In total, 10,396 participants were included (mean age: 58.3 years, male: 43.6%). In multiple regression analysis, higher RH was negatively associated with the forced expiratory volume in one second (FEV)/forced vital capacity (FVC) ratio across various time lags, while FVC was positively correlated with long-term RH exposure.

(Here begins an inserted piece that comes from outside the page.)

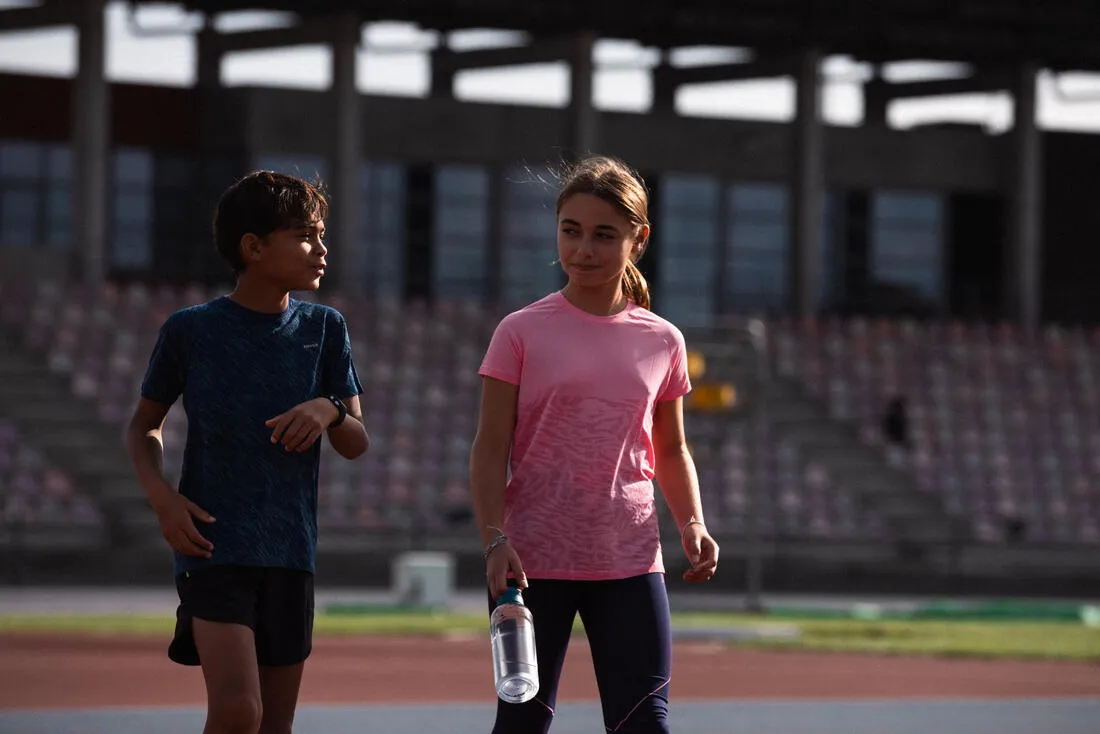 T-Shirt running ultra léger Enfant - KIPRUN Light 900 marine vert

In multiple logistic analysis adjusted for clinical and environmental covariates, long-term higher RH exposure was associated with a lower risk of restrictive lung disease (odds ratio [OR] at 4-year moving average [MA]: 0.978, 95% confidence interval [CI]: 0.959-0.997), while mid-term RH exposure decreased the risk of chronic cough (OR at 90-day MA: 0.968, 95% CI: 0.948-0.987) and sputum production (OR at 90-day MA: 0.985, 95% CI: 0.969-1.001).

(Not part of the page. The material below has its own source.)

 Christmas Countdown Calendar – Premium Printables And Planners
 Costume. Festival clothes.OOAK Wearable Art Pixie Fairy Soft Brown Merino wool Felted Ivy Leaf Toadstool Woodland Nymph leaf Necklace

Higher RH was negatively associated with lung function and increased the risk of obstructive lung disease, whereas mid-term RH exposure reduced the risk of chronic cough and sputum production.
环境湿度对呼吸健康有重大影响,并会影响疾病和症状。然而,需要大规模研究来阐明其对肺功能和呼吸道症状的具体影响。我们使用韩国国家健康与营养检查调查(KNHANES)的数据,研究了相对湿度(RH)、肺功能和呼吸道症状之间的关系。
在这项横断面研究中,我们分析了2016年至2018年期间收集的KNHANES中年龄≥40岁参与者的数据。使用肺功能测试(PFT)和健康问卷来评估肺功能和呼吸道症状。包括相对湿度在内的个体环境数据来自社区多尺度空气质量模型,并与参与者的地址相关联。研究了短期(0 - 14天)、中期(30 - 180天)和长期(1 - 5年)的相对湿度暴露情况。使用线性回归模型评估相对湿度与肺功能测试之间的关联。应用单变量和多变量逻辑回归模型评估肺功能异常和呼吸道症状的风险。
总共纳入了10396名参与者(平均年龄:58.3岁,男性:43.6%)。在多元回归分析中,在不同时间滞后下,较高的相对湿度与一秒用力呼气量(FEV)/用力肺活量(FVC)比值呈负相关,而用力肺活量与长期相对湿度暴露呈正相关。在针对临床和环境协变量进行调整的多元逻辑分析中,长期较高的相对湿度暴露与限制性肺病风险较低相关(4年移动平均值[MA]时的优势比[OR]:0.978,95%置信区间[CI]:0.959 - 0.997),而中期相对湿度暴露降低了慢性咳嗽(90天MA时的OR:0.968,95% CI:0.948 - 0.987)和咳痰(90天MA时的OR:0.985,95% CI:0.969 - 1.001)的风险。
较高的相对湿度与肺功能呈负相关,并增加了阻塞性肺病的风险,而中期相对湿度暴露降低了慢性咳嗽和咳痰的风险。